Hanya membutuhkan 6 hari dalam mengumpulkan akumulasi amarah masyarakat dari pernyataan blunder para anggota Dewan hingga driver ojol yang terlindas rantis Baracuda, dan berujung pada perusakan fasilitas umum dan penjarahan, sehingga tajuk demo menjadi "Aparat vs Masyarakat".

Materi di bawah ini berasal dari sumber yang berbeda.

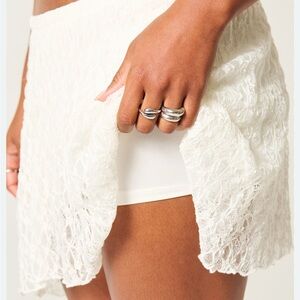 NWT Hollister White Lace Asymmetrical Lined Mini Skirt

Demonstrasi di depan Gedung DPR yang dimulai dari 25 Agustus 2025 dan berujung ricuh serta anarkis membuka banyak spekulasi tentang siapa dalang sebenarnya di balik kerusuhan tersebut. Beberapa menyebut keterlibatan aktor dalam negeri, Beberapa menuding pengaruh asing, bahkan ada anggapan bahwa kerusuhan itu dibiarkan berkembang sebagai panggung politik. Di balik beragam spekulasi itu, ada satu pov menarik yang bisa dikutip dari serial Game of Thrones: yakni ungkapan “Chaos isn’t a pit, chaos is a ladder.”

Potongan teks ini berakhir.